The proposed truce also demands the withdrawal of Israeli tanks from the Gaza border and the Internationalization of the Rafah Crossing and its placement under international supervision. The presence of international forces on the borders and the withdrawal of the Israeli army requested by Hamas is unsurprising, considered the heavy toll of casualties by Israeli fire in the Access Restricted Areas near the Israeli border (i.e. an area of 1.5km along the border comprising 35% of Gaza land and 85% of its whole arable land). The international presence should guarantee that Egyptian and Israeli security concerns are equally met.

The proposal also requests Israel to release the Palestinian prisoners whom had been freed as part of the deal to liberate Gilat Shalit and were arrested after the killing of the three Israeli youths in June 2014 in the West Bank; that Israel refrains from interfering in the reconciliation agreement between Hamas and Fatah; and that the permits for worshippers to pray at the Al Aqsa Mosque be eased.

Not only are these conditions sensible in light of previous agreements but, especially those who pertain to the lift of the siege, are the minimum standards that Hamas and the people of Gaza could accept in the current circumstances. As Raji Sourani reports, the most common sentence from people in Gaza after the announcement of the Egyptian ‘brokered’ ceasefire was “Either this situation really improves or it is better to just die”. The dire circumstances under which Gazans have lived in the last 7 years have indeed evoked in many the image of the enclave as “the world’s largest open air prison”. A prison which is overcrowded and where in 6 years there will no longer be enough drinkable water or capacity to provide other essential services, as a recent UN report denounces. Facing this gloomy context, for many the continuous launch of rockets from Gaza is a response to the siege and the harsh conditions imposed by the occupation.

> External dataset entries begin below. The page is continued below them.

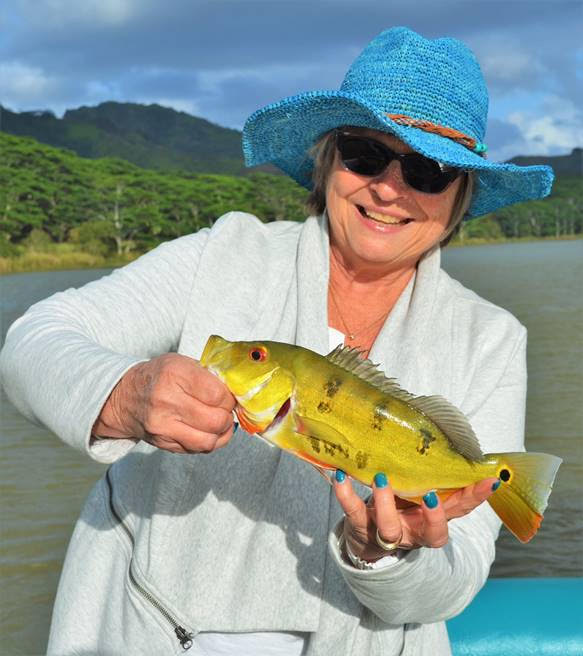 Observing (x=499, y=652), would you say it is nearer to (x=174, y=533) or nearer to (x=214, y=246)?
(x=174, y=533)

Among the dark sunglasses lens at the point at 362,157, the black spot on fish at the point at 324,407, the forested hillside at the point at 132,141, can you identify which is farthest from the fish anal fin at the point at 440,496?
the forested hillside at the point at 132,141

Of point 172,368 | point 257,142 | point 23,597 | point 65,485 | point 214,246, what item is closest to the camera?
point 172,368

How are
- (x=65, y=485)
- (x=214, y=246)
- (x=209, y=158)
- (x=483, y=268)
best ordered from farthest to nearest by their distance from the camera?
(x=209, y=158) < (x=483, y=268) < (x=65, y=485) < (x=214, y=246)

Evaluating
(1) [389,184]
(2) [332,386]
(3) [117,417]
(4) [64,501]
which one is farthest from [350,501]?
(4) [64,501]

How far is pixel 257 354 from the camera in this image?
2143 mm

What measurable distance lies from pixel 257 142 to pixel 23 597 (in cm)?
493

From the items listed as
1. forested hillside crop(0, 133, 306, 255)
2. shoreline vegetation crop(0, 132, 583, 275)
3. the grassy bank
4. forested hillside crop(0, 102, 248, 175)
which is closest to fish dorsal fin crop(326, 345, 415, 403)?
the grassy bank

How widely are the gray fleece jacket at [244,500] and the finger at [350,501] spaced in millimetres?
221

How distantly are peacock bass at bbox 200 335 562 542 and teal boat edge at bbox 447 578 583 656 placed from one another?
188cm

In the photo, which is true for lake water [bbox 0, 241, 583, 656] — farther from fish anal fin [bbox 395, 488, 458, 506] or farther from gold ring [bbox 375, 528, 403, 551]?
fish anal fin [bbox 395, 488, 458, 506]

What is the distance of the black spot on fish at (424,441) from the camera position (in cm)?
229

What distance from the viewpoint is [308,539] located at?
9.41 feet

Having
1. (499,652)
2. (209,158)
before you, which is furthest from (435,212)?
(209,158)

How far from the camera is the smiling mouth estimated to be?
9.73 ft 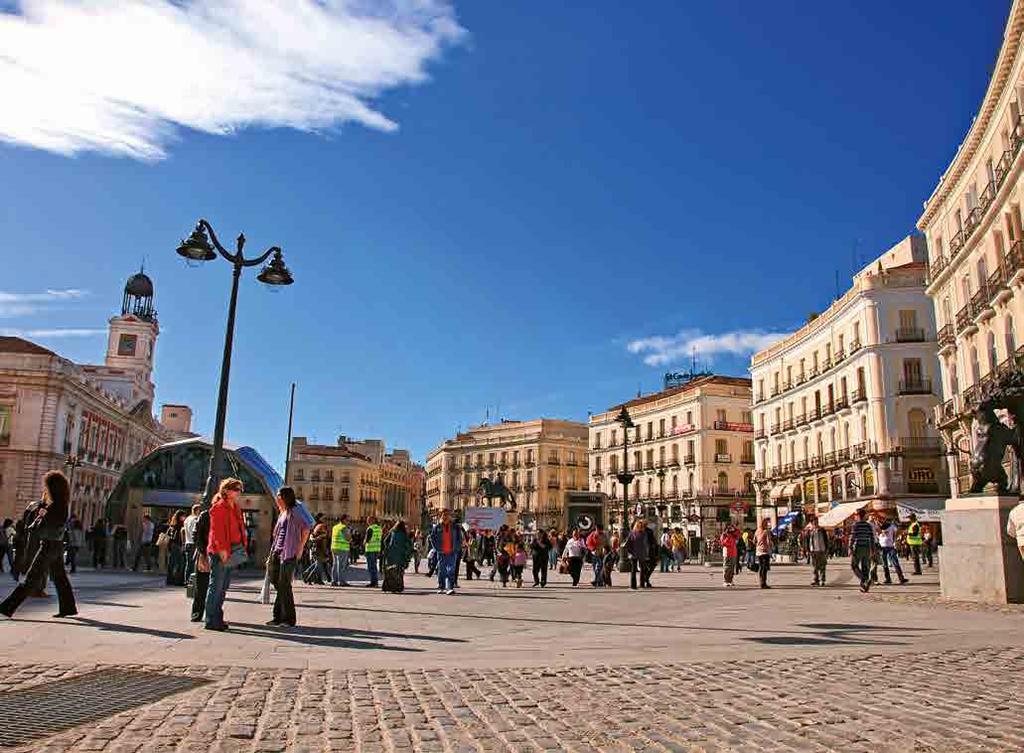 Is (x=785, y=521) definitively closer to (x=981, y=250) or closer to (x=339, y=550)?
(x=981, y=250)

One could imagine that an agreement on the basis of the Hamas proposal could not only stop the current round of hostilities but also pave the way towards a lasting solution of the conflict. However Israel has shown no interest in considering this proposal and continues to prefer the military option. As a result one wonders whether Israel really wants a long lasting resolution of the conflict. This resolution would necessarily require compromises on the Israeli side, including relinquishing control over the West Bank and Gaza. Netanyahu recently made it perfectly clear that this option is off the table. An eventual agreement between Israel and Hamas would further strengthen the legitimacy of Hamas in the newly achieved Palestinian unity, which is a prerequisite for any lasting peace. Legitimizing the Palestinian unity is something the Israeli government is avoiding like the plague as it would push forward their quest for justice in the international arena.

Perhaps more surprisingly, the international community – with the exception of Turkey and Qatar – has spent no words on the Hamas truce proposal although many of the points of the proposal already enjoy international support. This refusal to deal with the proposal is particularly problematic in the current context. Without any pressure by the international community, Israel, the party who has the upper hand in this conflict, will feel legitimized to keep refusing negotiations for a real truce with Hamas. Truces and negotiations are made with enemies not friends. International organizations and Western leaders, echoing Israel and the United States, maintain that Hamas is a terrorist organization and thus any direct negotiations with it are embargoed.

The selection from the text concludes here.